Fort Nelson is in the middle-of-nowhere northeast British Columbia. Yeah, it’s on the Alaska Highway, and there’s lots of oil and gas activity. But it’s more than 1,000 kilometres from the nearest big city, Edmonton.

So when we pull into the town of 4,000 people after a week-long backpack in nearby Stone Mountain Provincial Park, I’m expecting it to be easy to find a place to eat, even on a Saturday night.

But the pub we go into is crawling with people attending a fundraiser. Strike one! Across the street, the local Boston Pizza is full to the rafters with folks watching the Conor McGregor-Floyd Mayweather “fight”. Strike two!

It’s now pouring with rain, and we’re starving for a pint, or two, and something with lots of carbo calories to wolf down. Almost in desperation, we head across the highway to a hotel, Woodlands Inn & Suites, with odd concrete hallways.

The lounge is quiet—not a promising sign—and the two beers on tap are definitely generic. Finally, the food prices are rather northern expensive.

All that is except for a prime-rib burger and fries for $15, which all five of us order. Sure, the extras, like bacon and cheese, are another $2 or $3 each.
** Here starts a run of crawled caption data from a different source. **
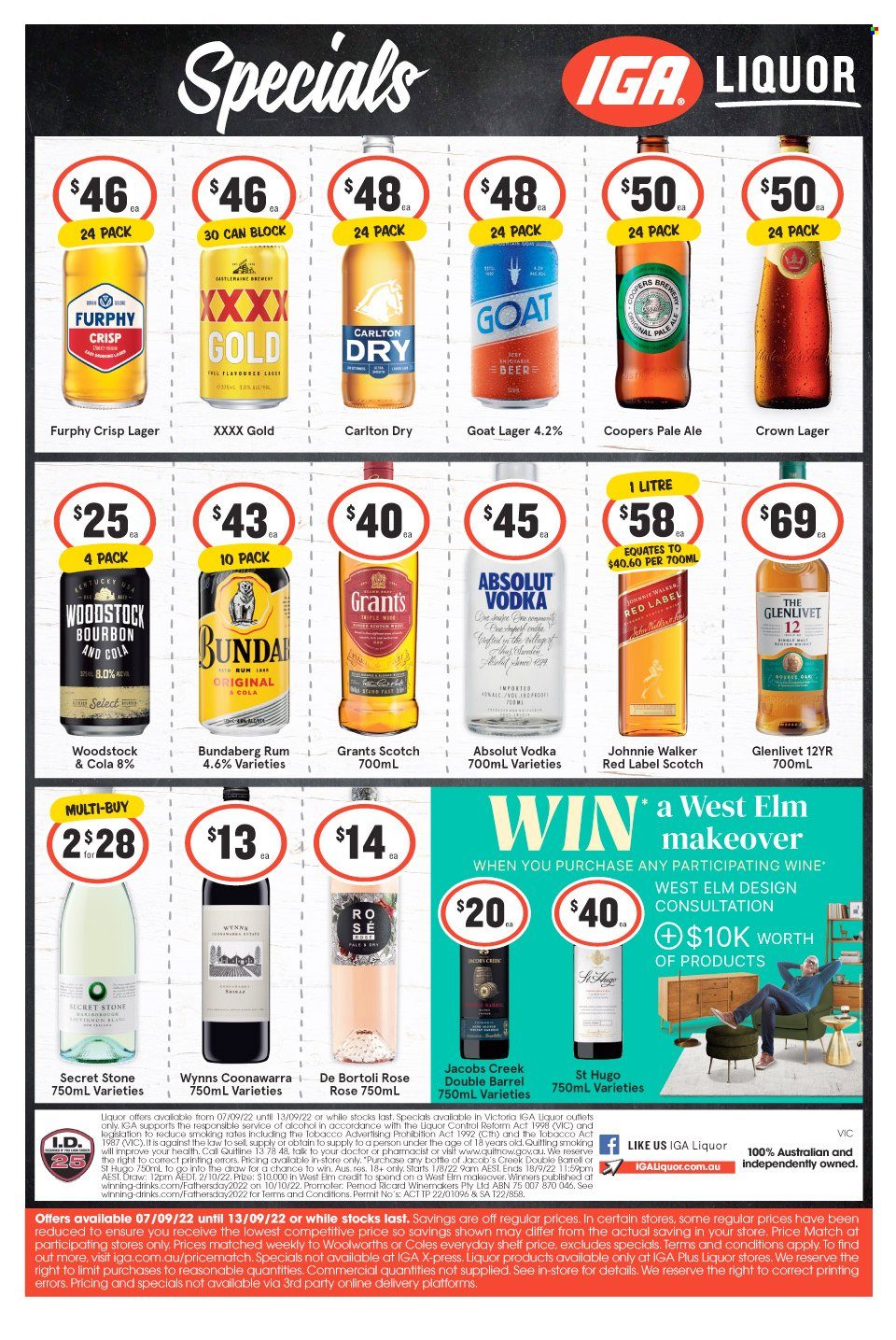 IGA LIQUOR catalogue - 7 Sep 2022 - 13 Sep 2022. Page 1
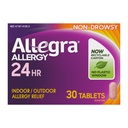 Allegra Adult 24-tunnin Allergia Relief -tabletit, ei-huokoiset allergialääkkeet, 180 mg Fexofenadiinia HCI antihistamiinia pilleri, 30- count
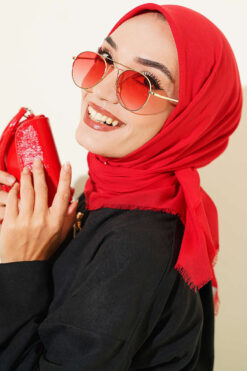 Alternative view of Vera Plain Scarf with Hem Edge Red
Still, there are enough fixings on the basic burger to keep the cost down.

Now, it’s always hard to objectively rate a restaurant when you’re ravenous and just off a big mountain trip. But we all agree these charbroiled burgers are excellent: juicy, flavourful and big. And lots of hot, greasy fries. Yum! Several of us even order a second pint of Kokanee Gold.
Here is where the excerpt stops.